Hungarian master filmmaker Béla Tarr has been back in the world cinema spotlight again recently, firstly with the arrival of the new 4K restoration of his seven-hour epic film Sátántangó and for being attached as an executive producer to the Icelandic film debut of writer-director Valdimar Jóhannsson’s uncanny valley fable Lamb.  Recently picked up and released wide by A24, the film co-written by upcoming The Northman writer Sjón is being sold as some kind of body horror hybrid spooker and while on some level it is, Jóhannsson’s first feature is mostly a curious if not eccentric fable about maternal instincts set out in the open mountainous terrain of Iceland.

Courtesy of A24
Consisting of only four characters total, this minimalist yet expansive-in-scope slow burner stars Noomi Rapace as Maria who with her husband Ingvar (Hilmir Snær Guðnason) works on a farm caring for their flock of sheep.  One morning, the childless couple helping to birth their pregnant sheep discover something bizarre has happened: one of them has given birth to some sort of half-human/half-sheep crossbred creature.  Instead of being shocked or horrified by their new arrival, they decide to adopt and raise it as their own, naming the female sheep baby Ada even.  Their newfound idyllic utopia with Ada is tested however by the arrival of Invgar’s drifter brother Pétur (Björn Hlynur Haraldsson) who is more than a little nonplussed by their new baby.

Courtesy of A24
Closer to eerie folk horror than the outright supernatural freakout being peddled in trailers, Lamb is an odd coexistence between cute and unsettling with particular emphasis placed on the isolation of the characters with nothing but mountains surrounding them on all sides.  Informed by such films as Terrence Malick’s A Hidden Life or Kelly Reichardt’s Certain Women, Lamb immerses you in the ordinary mountainous splendor of farm life captured beautifully in panoramic widescreen by cinematographer Eli Arenson.  So stunningly gorgeous is this film to look at you feel as though you’re in an ethereal place of magic where the rules of the modern world no longer apply. 

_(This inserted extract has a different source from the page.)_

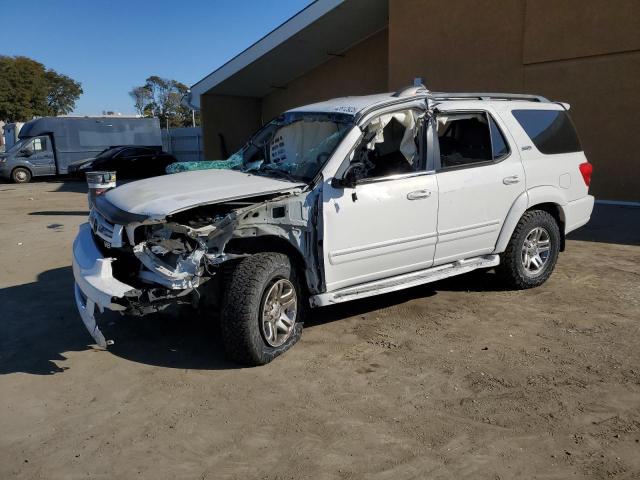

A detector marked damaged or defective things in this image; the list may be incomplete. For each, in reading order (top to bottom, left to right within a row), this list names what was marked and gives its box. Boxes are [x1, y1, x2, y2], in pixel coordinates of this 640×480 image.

shattered windshield [165, 111, 352, 183]
crumpled hood [102, 169, 304, 218]
severely damaged front end [74, 178, 320, 346]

The soundtrack by Þórarinn Guðnason, compounded with the minimalist sound design of ambient winds, rain, mist, soft sounds of sheep and an ever-slight hint of something unknown, is an equally immersive soundscape that compliments the breathtaking visuals very well.  Performance wise, Lamb is a nice little character driven chamber piece of sorts which is largely told in the open outdoors but is chock full of tense insular scenes of Maria’s growing affections for Ada coming out in outbursts of anger.  The tensions between Rapace and brother Haraldsson are palpable with hints of a past life together now further complicated by the married couple’s new “gift”, with the lines differentiating animal from human blurred almost completely.

Courtesy of A24
Fans of A24 and folk horror will find much to digest here, touching on the glitteringly scenic slow burn thriller while also attempting to spark existential dialogue about the family unit in general.  Though it never really becomes the hair-raising freakout the trailer is selling, Lamb is truly an interesting exercise with a setting that is at once beautiful, otherworldly and a perfect setting for some unverified species of creature to propagate.  It is also rare in our current timeline to get a peculiar, albeit uncommercial cinematic oddity, from Iceland no less, and have it go into wide theatrical release.  Folk horror is making a comeback and we have the folks at A24 to thank for reseeding this particular cinematic bug in modern filmgoers.